Other important considerations include the fact that XP and Vista support have been dropped. And on Snow Leopard (OS X 10.6), video features will be disabled. To use the 3D functions, a minimum of 512Mb of VRAM is required. And a big surprise is that Adobe Bridge is no longer installed by default, but can be downloaded separately. Bridge itself gains Retina support, but loses synchronized windows and export presets. 
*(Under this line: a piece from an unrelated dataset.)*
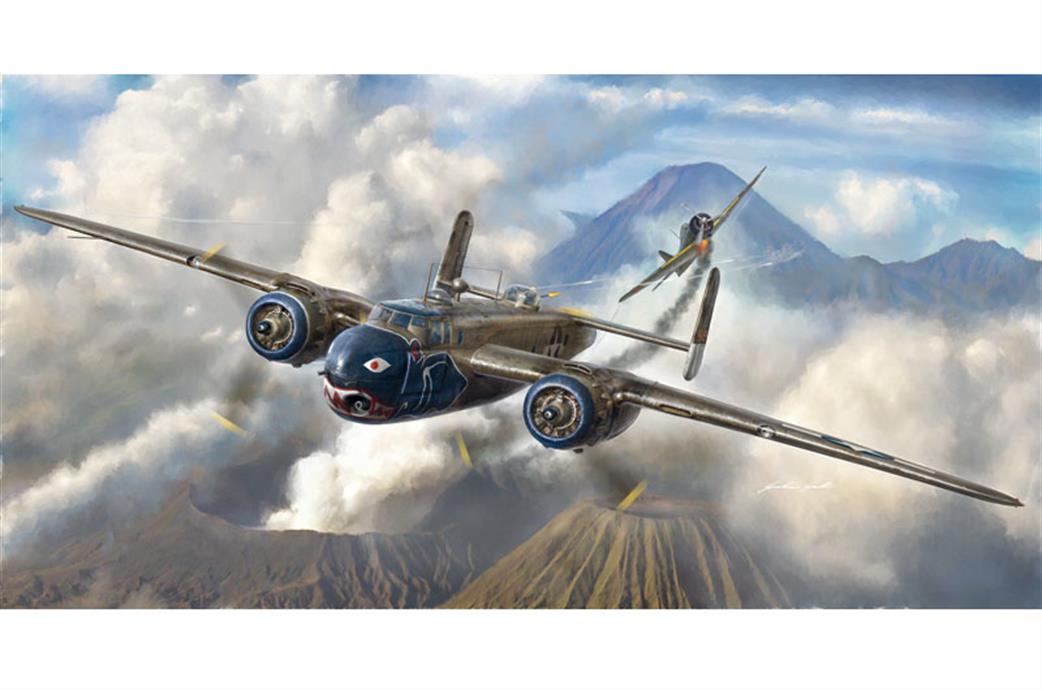 Italeri 1/48 2787 North American B-25G Mitchell Kit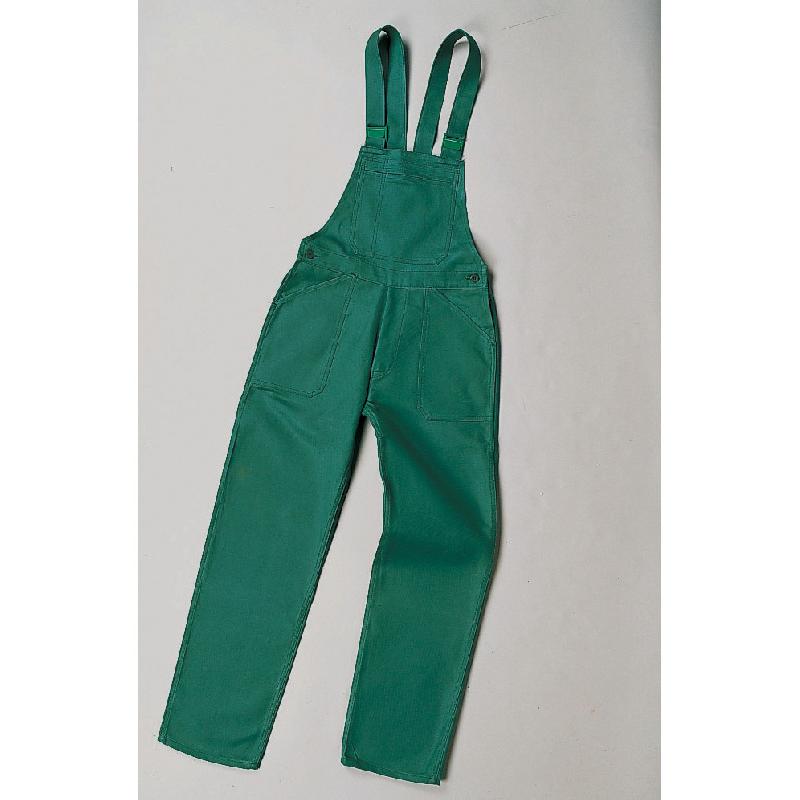 COTTE DE TRAVAIL EN POLYCOTON VERT BOUTEILLE, TAILLE 48/50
With Photoshop CC, we again get a mix of magical, must-have features and useful all-around improvements, which is remarkable given that this version was in development for only about half as long as CS6. If there is anything initially disappointing about CC, it is that the themed interface still is not extended to filters and other menus (we are still stuck with the neutral grey windows). But the good thing is that with Photoshop’s future bound to the Cloud, we will not have to wait another full year to see more changes!

  • Gary Webb says:

    Sadly, for many of us, these features will never be a reality. I bought Photoshop CS5 after living with CS3 for years. I enjoyed the upgraded features, but I bought it once. I cannot afford to “lease” my software forever. Adobe can put whatever spin on this they want, but it is to most oof us an attempt to hold CS people hostage. When and if CS 5 ceases to fill the bill I will find a viable substitute – one I can buy, not rent.

  • I.Johnston says:

    This is all good. The assumption is that the cloud is available. In remote areas in Australia, PNG, and other areas of the pacific rim it is not possible to access the cloud. How can you open and use the software if you cannot access the cloud?

  • Jen White says:

    Great information. Thanks!!

  • Joel Jones says:

    Head in the clouds Adobe? I think so. So there are some amazing new features, but they are removing the ability to ever own your software again. Also removed is the my choice of when and where to upgrade. Don’t like the latest upgrade because it’s incompatible with the OS on your computer and keeps causing a crash, well that’s too bad with the cloud. Not to mention the added feature that Adobe sets the terms of your “lease” and could easily decide to change those terms. Try opening years worth of files without InDesign. CS6 is as far as this creative director will go (and my agency) unless I can purchase the software – sorry Adobe but you can keep your cloud.

  • PECourtejoie says:

    Ivan, you just need network connectivity at install time (if your network is too slow, you should contact Adobe customer service, to see if they can ship a physical media) and at activation time. The software checks home once every month for the month by month subscription, and once every 99 and soon 180 days for the yearly commitment. If you go to a location without any connectivity for a longer period, again, customer service is the way to go! Also, your files are saved locally, unless you want to save them on your creative cloud account.

    Hope this answers your questions.

  • PECourtejoie says:

    Hello, Joel. You are not forced to update as soon as an update is available.
    Also, select versions will be made available if you want to work with similar versions on different machines.